Never go to our web site by clicking a link in an e-mail.
- When entering personal account information, verify that you are on a secure website. If the website is secure, you will find "https" in the address and a closed padlock in your browser's toolbar.
- Use anti-virus and anti-spyware software, as well as a firewall, and update them all regularly. Some phishing emails contain software that can harm your computer or track your activities on the Internet without your knowledge. Anti-virus software and a firewall can protect you from inadvertently accepting such unwanted files.

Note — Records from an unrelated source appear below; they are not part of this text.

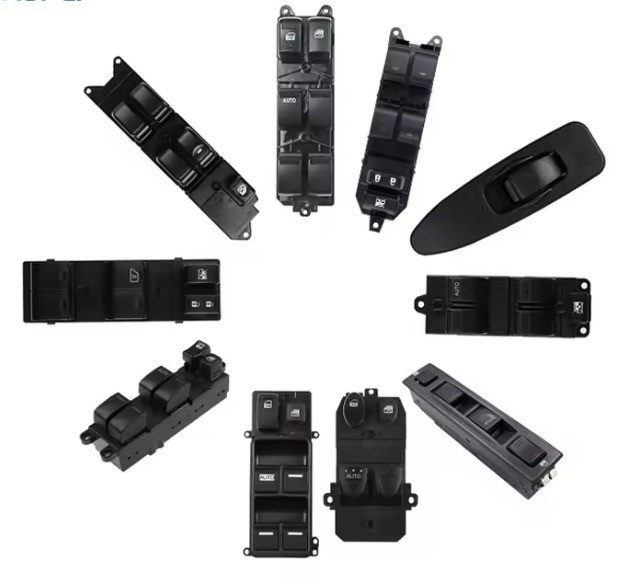 RAV4 Power Window Switch Voor Toyota Honda Nissan Mitsubishi Mazda Isuzu Suzuki Subaru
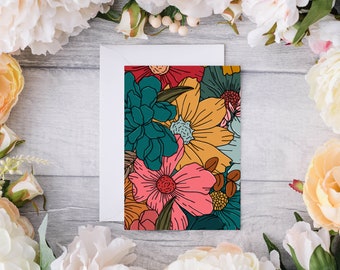 Floral || Greeting Card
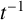 t Superscript negative 1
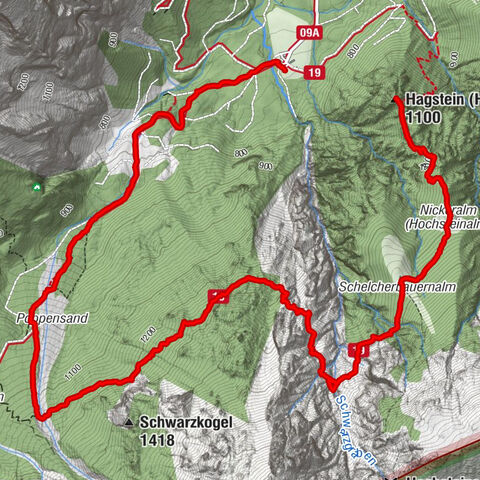 Hinterstoder, Oberösterreich/Österreich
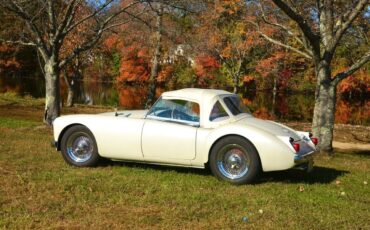 MG MGA Cabriolet 1961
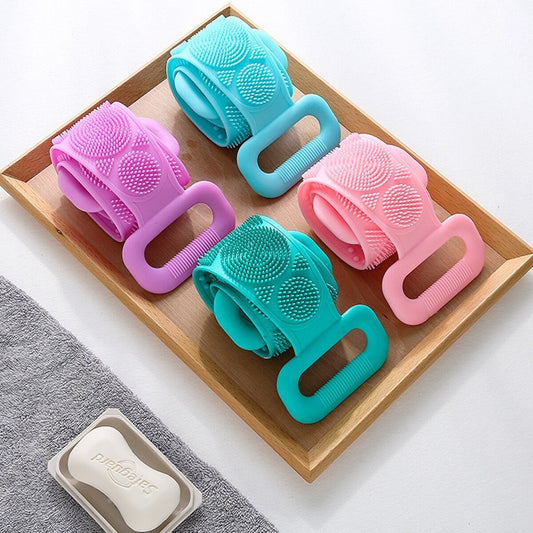 Can't Reach Your Back Properly? This Silicone Back Scrubber Cleans, Exfoliates & Massages Every Inch, For Men & Women!
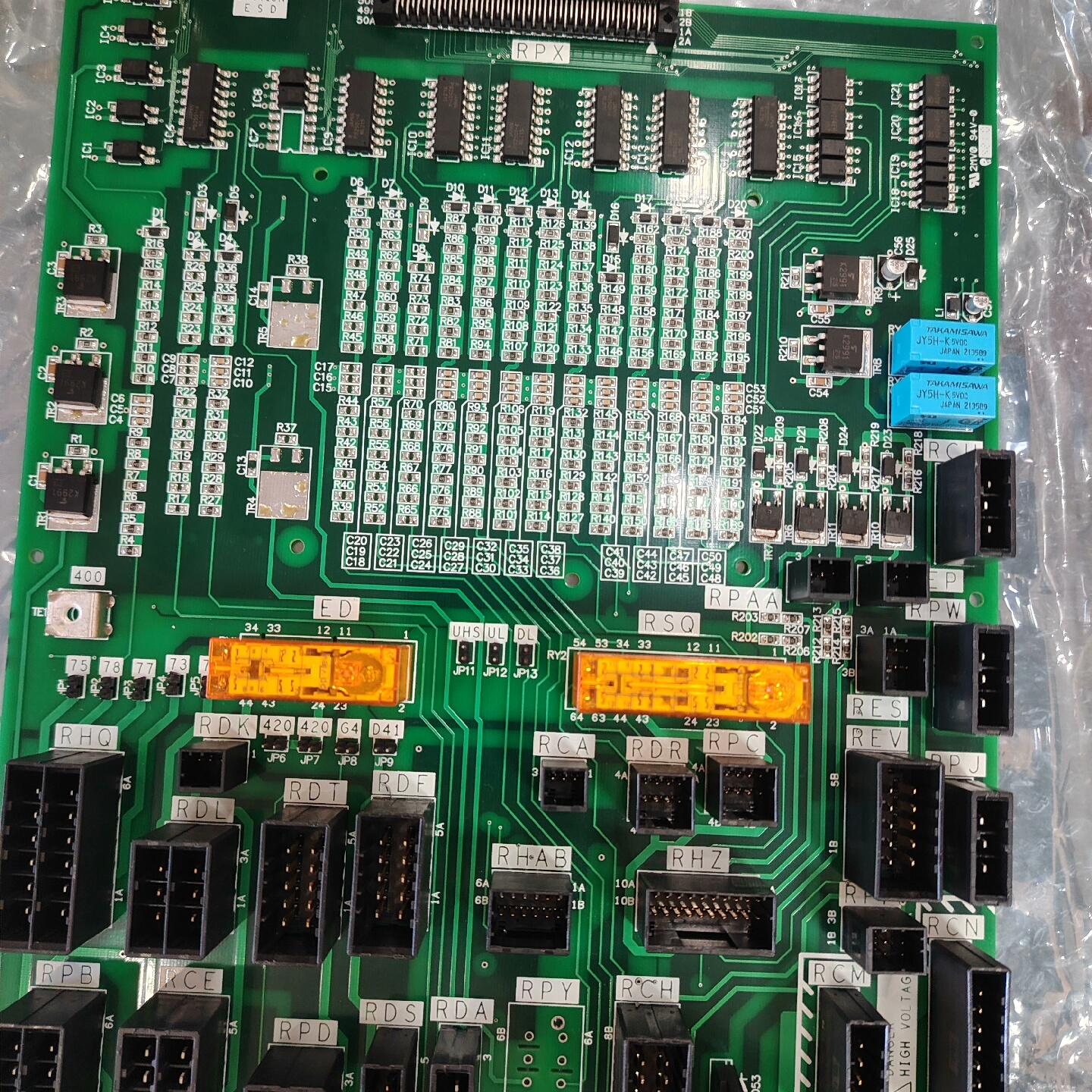 电梯接口板KCA-911B未使用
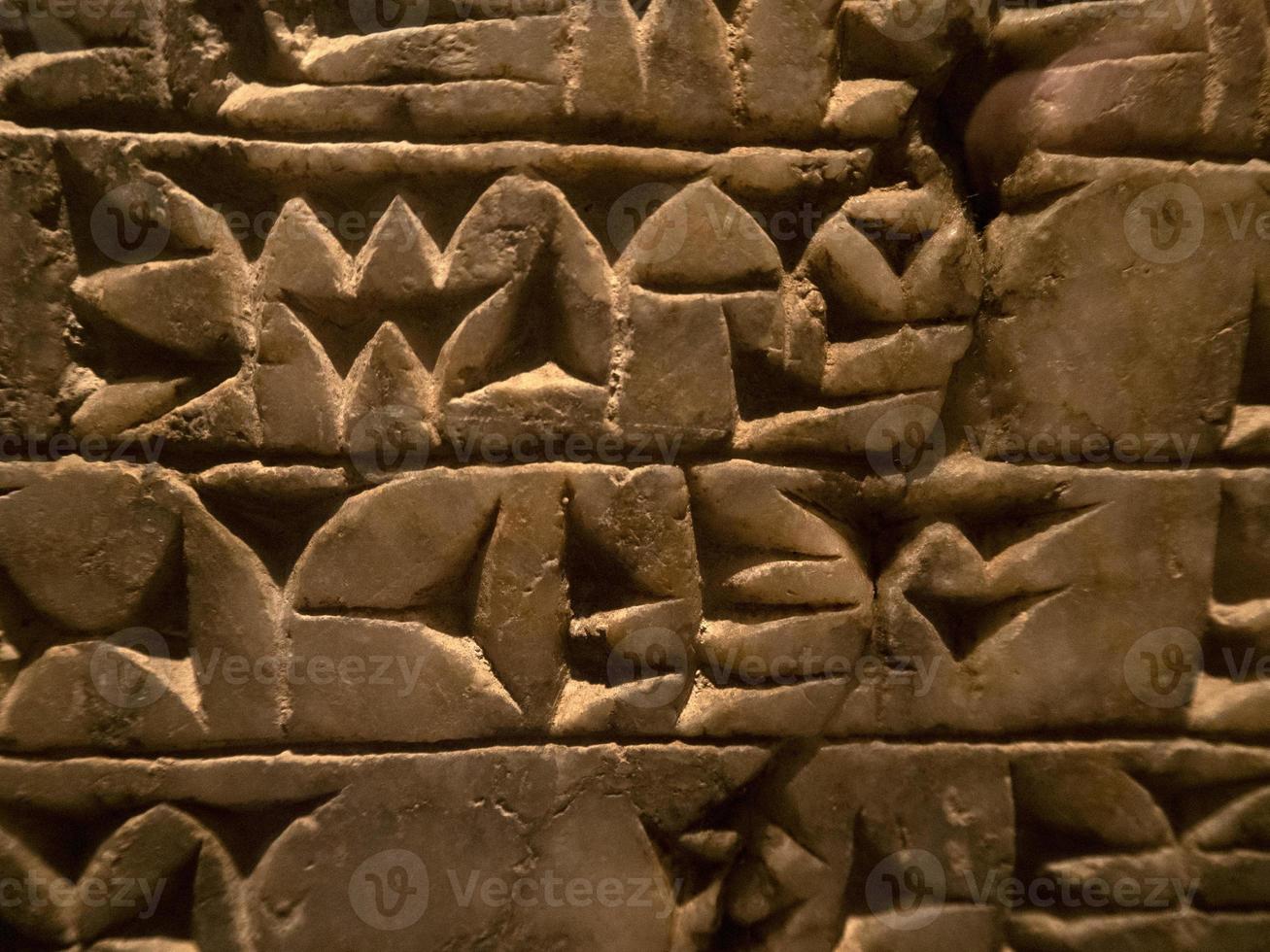kilskrift skrivning assyrien babylonia sumer detalj foto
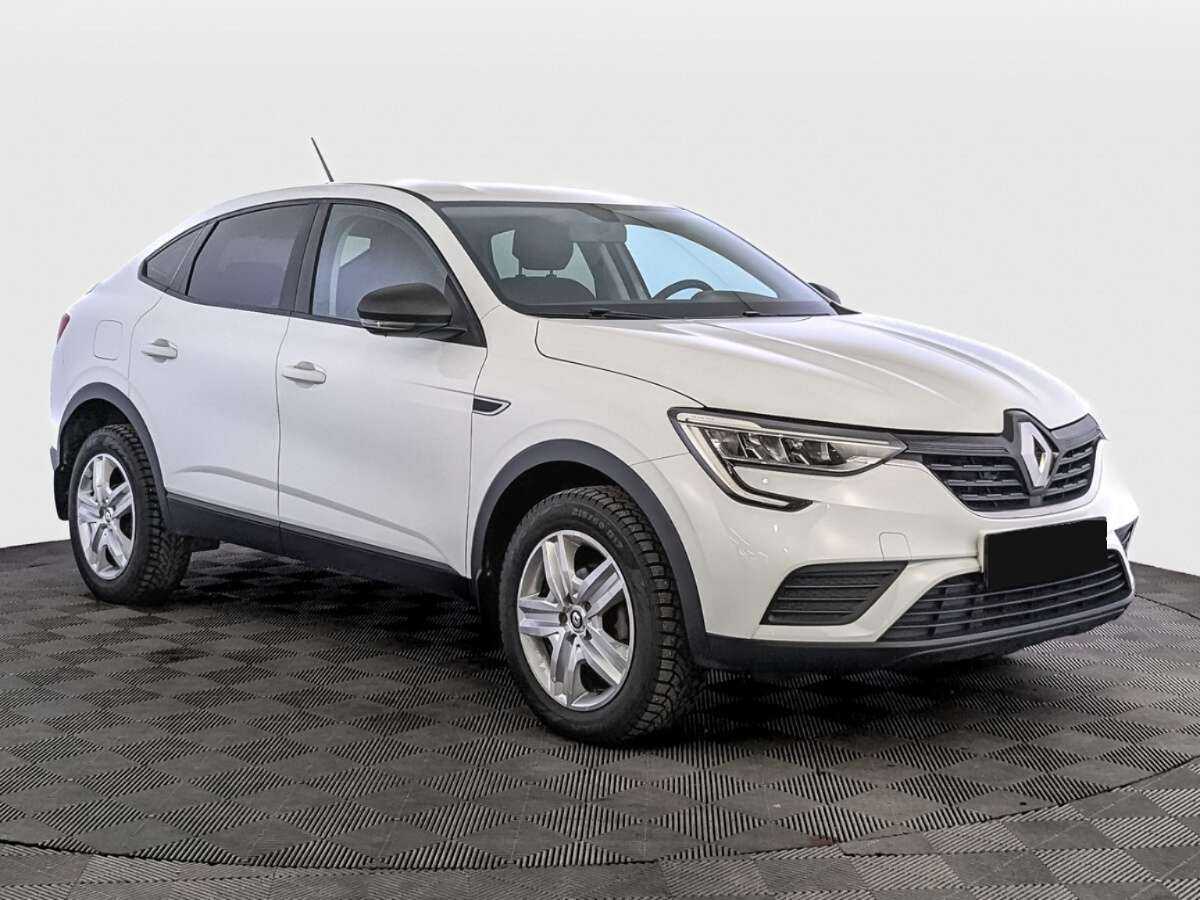 Renault Arkana, 2019 - фото №3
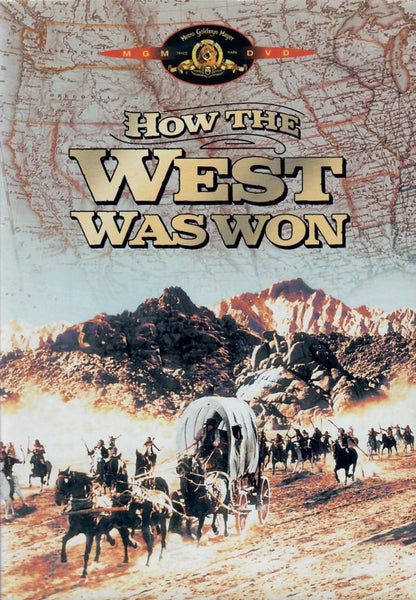 HOW THE WEST WAS WON REGION ONE DVD NM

Phone Security - "Vishing" Scams
Vishing is a scam similar to Phishing, a scam involves sending a spam email or pop-up message telling you that your account has been compromised and will instruct you to call a phone number to verify your account information. An official sounding automated message will ask you to enter your personal financial information such as your 16 digit credit card number. Some of these scams involve a telephone call to the victim directly in which the caller already has your credit card number but asks you to verify the valuable three digit security code.
Tips to protect yourself against "Vishing" Scams
- Never give your personal information over the phone. If you feel a call is suspicious, call the company directly to verify the authenticity of the call.
- Beware of organizations asking for charitable donations. If you want to donate money, contact the organization yourself to make sure that your money is going to the appropriate place.
Text Message Security - "Smishing" Scams
Smishing is a scam similar to Vishing for Phishing, but gets its name from SMS text messaging. Smishing is when a scammer sends you a text message claiming that there is a problem with your bank account and asks you to text back n order to reactivate your account. Other Smishing scam text messages may include a link to a website you that you must click on to resolve the “problem.”
Tips for protecting yourself against "Smishing" Scams
1. Don’t respond in any way to Smishing messages, even if it is just to ask the sender to leave you alone. Responding will verify that your phone number is active, and will prompt the scammer to keep trying
2. Never click on any links or call phone numbers in an unsolicited text message. Simply delete the message from your phone
3. Report the message to your cell phone service’s scam text reporting number, or the general customer service number.
Protect Your Privacy
Fraud comes in many shapes and sizes and unfortunately, it will never go away. Nor will the money and time spent fixing it. That’s why it’s vital to ramp up your security arsenal.
While fraud operators are constantly developing new viruses, spyware and online fraud schemes, the good news is that you can take action to protect yourself against online fraud.